• WHAT TO DO:
Where the word "Outdoor" appears in a line below, copy the whole line.

• SOURCE RECORDS:
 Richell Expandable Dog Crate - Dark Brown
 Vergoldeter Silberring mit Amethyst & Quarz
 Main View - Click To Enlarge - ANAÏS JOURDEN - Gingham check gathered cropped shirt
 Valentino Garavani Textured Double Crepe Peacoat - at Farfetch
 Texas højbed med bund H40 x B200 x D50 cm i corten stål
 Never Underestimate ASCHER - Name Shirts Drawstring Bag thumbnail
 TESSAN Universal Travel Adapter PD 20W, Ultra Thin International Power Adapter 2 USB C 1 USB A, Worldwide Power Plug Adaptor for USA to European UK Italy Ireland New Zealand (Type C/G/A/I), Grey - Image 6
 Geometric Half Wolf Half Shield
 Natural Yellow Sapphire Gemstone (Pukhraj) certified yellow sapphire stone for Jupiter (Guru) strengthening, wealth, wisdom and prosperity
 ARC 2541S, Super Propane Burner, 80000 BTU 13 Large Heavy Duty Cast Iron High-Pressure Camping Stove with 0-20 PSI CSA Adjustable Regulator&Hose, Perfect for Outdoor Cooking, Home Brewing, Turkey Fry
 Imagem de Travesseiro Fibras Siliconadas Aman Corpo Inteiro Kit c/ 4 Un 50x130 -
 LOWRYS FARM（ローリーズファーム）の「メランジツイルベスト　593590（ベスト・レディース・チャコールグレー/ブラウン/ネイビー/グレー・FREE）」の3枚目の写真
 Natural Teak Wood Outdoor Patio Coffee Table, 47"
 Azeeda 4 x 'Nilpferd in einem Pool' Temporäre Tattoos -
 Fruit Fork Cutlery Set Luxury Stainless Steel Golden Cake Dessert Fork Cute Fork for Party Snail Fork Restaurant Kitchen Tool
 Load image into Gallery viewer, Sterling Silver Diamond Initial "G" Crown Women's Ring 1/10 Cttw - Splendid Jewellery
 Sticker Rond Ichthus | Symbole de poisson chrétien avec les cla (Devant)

• EXERCISE RESPONSE:
 ARC 2541S, Super Propane Burner, 80000 BTU 13 Large Heavy Duty Cast Iron High-Pressure Camping Stove with 0-20 PSI CSA Adjustable Regulator&Hose, Perfect for Outdoor Cooking, Home Brewing, Turkey Fry
 Natural Teak Wood Outdoor Patio Coffee Table, 47"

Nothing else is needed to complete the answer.